I’ve always wondered why Gomasio, a traditional Japanese condiment sprinkled on everything from grains to vegetables, has never gotten more popular in the US. Maybe it’s because it doesn’t look all that exciting, or perhaps because the condiments we use are generally in liquid form, like mustard (course grain or spicy brown are my top choices) or hot sauce (Cholula is my favorite). If you haven’t tried gomasio yet, you are in for a wonderfully delicious surprise. It also helps that gomasio is a snap to make and you probably have all of the ingredients in your cupboard right this moment. By the end of this post I guarantee you’ll be running to the kitchen to make yourself a batch.
Traditionally, gomasio is made of toasted sesame seeds and salt simply ground together. There are countless variations to be made; I’ve seen garlic and seaweed varieties in store. I, however, decided to throw some mustard seeds into the equation, which proved to be amazingly satisfying.
Garlic-Mustard Seed Gomasio
1/3 cup sesame seeds (you can use any variety; I used a combination of black and white)
2 tbsp yellow mustard seeds
1 tbsp sea salt (I used Maldon)
1 tbsp garlic powder
Combine the sesame seeds and mustard seeds in a skillet and toast over low heat, stirring often, until the seeds become brown and fragrant. You will hear some popping; don’t worry, this is normal.
Remove the seeds from heat, allow to cool for about 10 minutes, then pour into the bowl of a mortar and pestle (my choice) or spice grinder along with the sea salt and garlic powder. Grind until most of the seeds are broken apart. Do not grind the seeds to a powder; you are looking for a bit of variety in texture.

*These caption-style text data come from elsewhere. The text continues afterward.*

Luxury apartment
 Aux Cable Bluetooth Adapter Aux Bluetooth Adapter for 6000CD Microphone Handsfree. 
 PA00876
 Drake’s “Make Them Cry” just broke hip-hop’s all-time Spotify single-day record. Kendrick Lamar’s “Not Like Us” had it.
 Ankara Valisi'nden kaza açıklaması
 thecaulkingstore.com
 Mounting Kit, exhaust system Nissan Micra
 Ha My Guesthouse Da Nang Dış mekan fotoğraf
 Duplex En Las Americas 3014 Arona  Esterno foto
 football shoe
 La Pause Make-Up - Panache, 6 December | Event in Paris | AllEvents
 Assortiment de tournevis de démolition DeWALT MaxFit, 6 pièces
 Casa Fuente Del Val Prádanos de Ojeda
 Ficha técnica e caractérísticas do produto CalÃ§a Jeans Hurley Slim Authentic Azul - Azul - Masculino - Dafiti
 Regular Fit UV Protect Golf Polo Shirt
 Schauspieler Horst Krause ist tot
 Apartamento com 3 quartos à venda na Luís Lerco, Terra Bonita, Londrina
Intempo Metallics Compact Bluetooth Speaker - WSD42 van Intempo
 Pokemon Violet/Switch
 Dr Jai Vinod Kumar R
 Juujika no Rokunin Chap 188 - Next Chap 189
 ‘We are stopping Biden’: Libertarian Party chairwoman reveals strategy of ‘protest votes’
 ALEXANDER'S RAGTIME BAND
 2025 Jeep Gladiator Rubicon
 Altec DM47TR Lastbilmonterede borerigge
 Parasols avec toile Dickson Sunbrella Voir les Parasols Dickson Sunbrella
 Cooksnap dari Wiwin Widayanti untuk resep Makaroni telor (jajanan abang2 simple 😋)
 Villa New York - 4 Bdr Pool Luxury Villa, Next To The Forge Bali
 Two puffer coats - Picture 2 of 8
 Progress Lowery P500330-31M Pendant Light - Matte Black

Store in an airtight container and sprinkle on anything and everything.
Lately I’ve been using gomasio to season hato mugi, an heirloom barley, as well as to sprinkle over roasted sweet potatoes. I’ve also been meaning to use gomasio on oatmeal for a delicious savory breakfast.
Have you tried gomasio, or made it yourself? How did you like it. If not, what are your most used condiments?